Ljubco Georgievski s'en est pris directement aux voisins de la Macédoine. Il a accusé «certains centres de décision qui, avec la politique de Rugova (le dirigeant kosovar modéré) au Kosovo, fournissent, outre un soutien matériel, un plan concret aux extrémistes albanais». C'est «une politique qui ne reconnaît pas les frontières et qui est la même que celle du parti socialiste d'Albanie» (au pouvoir à Tirana). Toutefois, le Premier ministre a pris soin de saluer l'attitude des partis albanophones de Macédoine, notamment le Parti démocratique albanais (PDA) membre de la coalition gouvernementale, «qui a agi pour trouver une solution». Le chef du gouvernement tient aussi à préciser que la population albanophone du pays «n'est pas d'accord avec l'action des extrémistes».

La réalité semble, cependant, beaucoup moins tranchée. Mardi, à Skopje, 25 000 Albanais ont défilé en faveur des droits de leur minorité, à l'appel du PDA. Une manifestation considérable pour ce pays de 2 millions d'habitants, dont 25 à 30% sont albanais. Cette marche était organisée pour répondre à la situation nouvelle créée par l'apparition de l'UCK, il y a quelques semaines. Elle s'est, certes, déroulée dans le calme, sous des pancartes affirmant «nous ne sommes pas des terroristes» ou «paix et justice». On a pourtant entendu ça et là des slogans à la gloire de l'UCK, vite étouffés néanmoins par le service d'ordre. A l'issue du défilé, le très populaire dirigeant du PDA, Arben Xhaferi, a affirmé que cette manifestation avait pour but de «montrer que les Albanais sont fermement engagés pour la paix. Mais il ne peut y avoir de paix sans justice». Quelques jours plus tôt, il avait estimé que la naissance de cette guérilla s'expliquait par «les discriminations que subissent les Albanais». Ces derniers exigent en particulier plus d'emplois publics, l'usage de leur langue dans l'administration, et un «statut» équivalent à celui des Macédoniens d'origine slave.

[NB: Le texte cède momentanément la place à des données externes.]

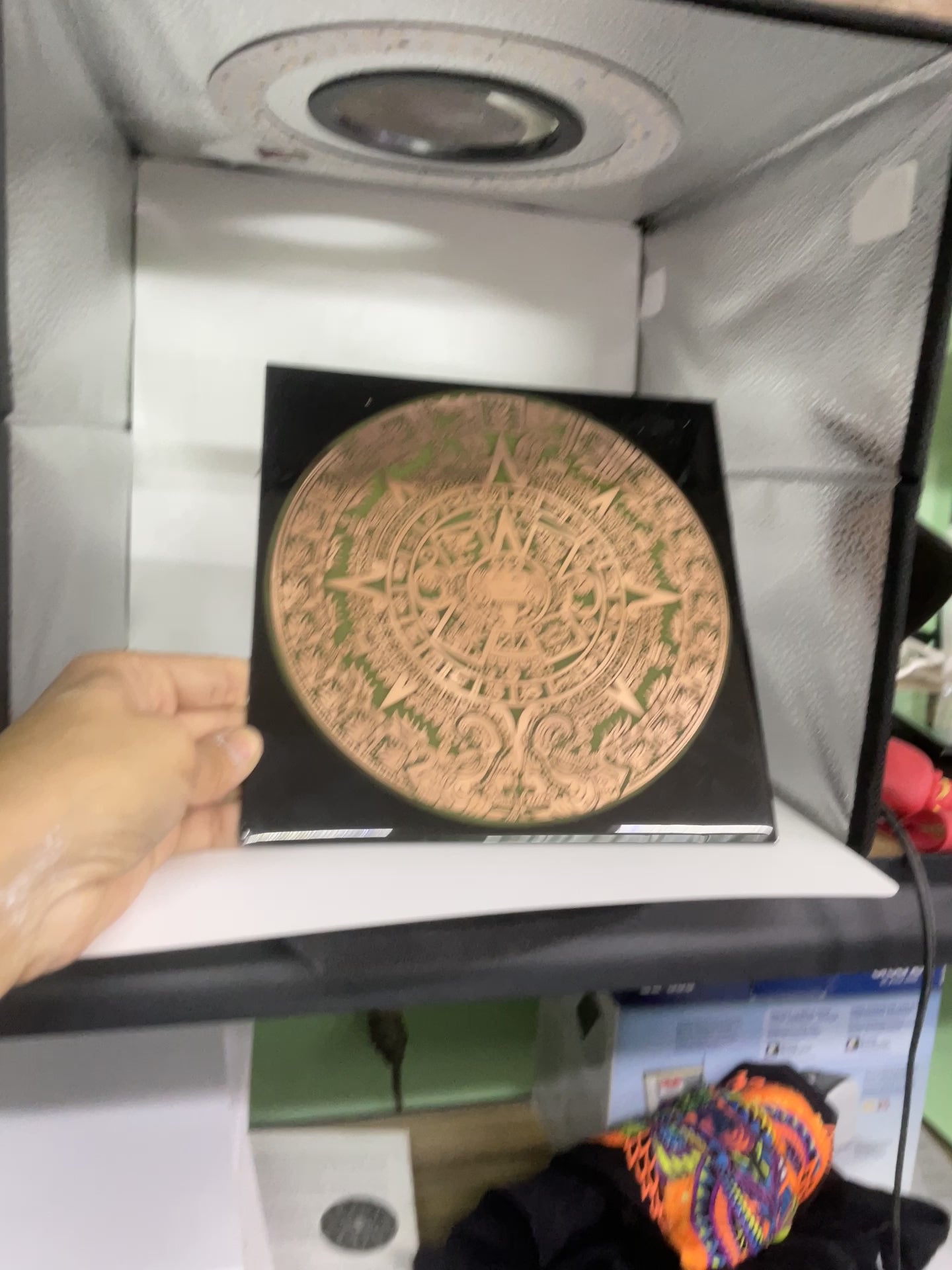 Aztec Calendar Astral Projector (Sun Stone) - Unleash Cosmic Harmony: Elevate your energy 🌌🔮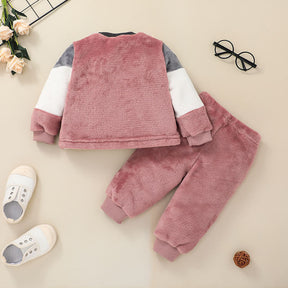 Baby Casual Baby Sweater Suit Clothing Pullover Two-piece Suit My Store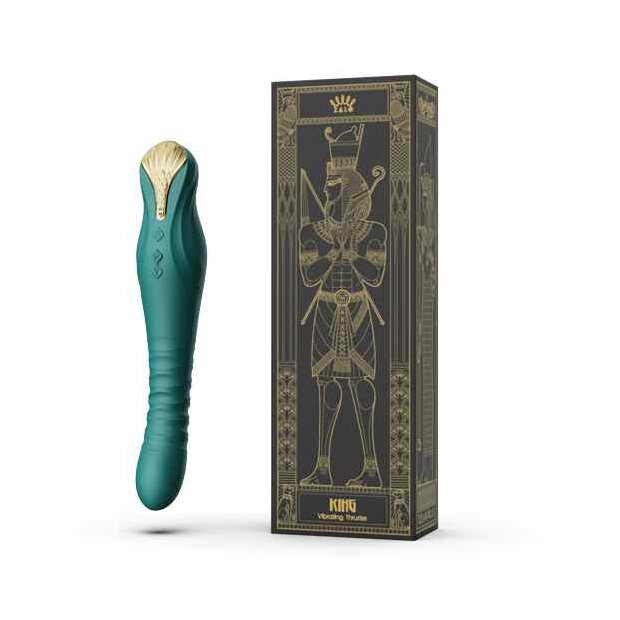 Zalo King Vibrating Thruster Turquoise Green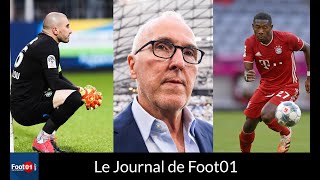 Foot01 News : MCCOURT agacé, le PSG sur ALABA et HERNANDEZ, RUFFIER mis à pied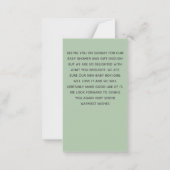 日付与え計画カードのラブチェンジにドーナツ ノートカード (裏面)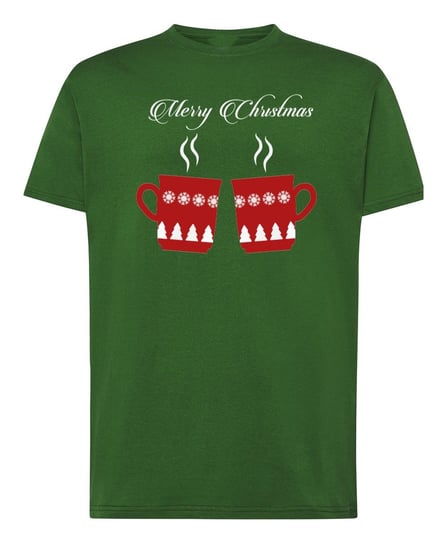 Świąteczny T-Shirt męski Merry Christmas S Inna marka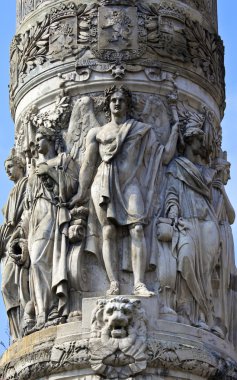 Close-up Details on the Congress Column in Brussels clipart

A travers ces événements, les Macédoniens voient donc resurgir le spectre de «la Grande Albanie». Cette entité, qui regrouperait les Albanais musulmans du Kosovo, d'Albanie, et de Macédoine, est une revendication que l'Otan est accusée d'avoir mis sur les rails en intervenant en 1999 au Kosovo.
L'Alliance atlantique se veut pourtant consciente du danger. Selon son secrétaire général George Robertson, les extrémistes de l'UCK sont «un petit nombre» et doivent être «isolés. (à) Nous allons maintenir le rôle de l'Otan à la frontière entre la Macédoine et le Kosovo. Les patrouilles ont été augmentées».

L'Otan a également pris une autre mesure pour empêcher les infiltrations de maquisards en Macédoine. Pour la première fois depuis son arrivée au Kosovo en 1999, elle a autorisé l'armée yougoslave à entrer dans le sud de la zone de sécurité qui borde le Kosovo, afin de prévenir les mouvements de la guérilla albanaise sur la frontière serbo-macédonienne. Jeudi après-midi, un responsable de l'Otan a jugé que les autorités macédoniennes avaient «la situation bien en main».